Beginning at the line containing "Phoenix Contact Sensor", output every line to the end of the data below exactly as it appears.

[[ PROVIDED RECORDS, beginning ]]

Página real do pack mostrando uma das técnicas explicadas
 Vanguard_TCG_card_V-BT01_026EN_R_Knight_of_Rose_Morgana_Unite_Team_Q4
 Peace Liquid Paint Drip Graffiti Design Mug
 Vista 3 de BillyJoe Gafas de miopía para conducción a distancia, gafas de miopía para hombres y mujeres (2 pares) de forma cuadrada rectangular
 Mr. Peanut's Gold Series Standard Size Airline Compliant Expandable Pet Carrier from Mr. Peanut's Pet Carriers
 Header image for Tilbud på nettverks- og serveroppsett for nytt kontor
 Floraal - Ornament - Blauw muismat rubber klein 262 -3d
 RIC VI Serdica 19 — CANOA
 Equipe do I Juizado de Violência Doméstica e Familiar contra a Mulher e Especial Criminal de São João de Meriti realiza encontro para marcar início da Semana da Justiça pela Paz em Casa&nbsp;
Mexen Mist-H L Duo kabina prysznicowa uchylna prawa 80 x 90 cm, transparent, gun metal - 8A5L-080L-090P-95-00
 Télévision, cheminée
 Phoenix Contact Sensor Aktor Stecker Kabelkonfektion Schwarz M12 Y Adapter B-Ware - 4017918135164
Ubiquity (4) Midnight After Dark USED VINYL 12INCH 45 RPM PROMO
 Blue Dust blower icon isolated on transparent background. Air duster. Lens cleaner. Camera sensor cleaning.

[[ PROVIDED RECORDS, end ]]

● FINAL ANSWER
 Phoenix Contact Sensor Aktor Stecker Kabelkonfektion Schwarz M12 Y Adapter B-Ware - 4017918135164
Ubiquity (4) Midnight After Dark USED VINYL 12INCH 45 RPM PROMO
 Blue Dust blower icon isolated on transparent background. Air duster. Lens cleaner. Camera sensor cleaning.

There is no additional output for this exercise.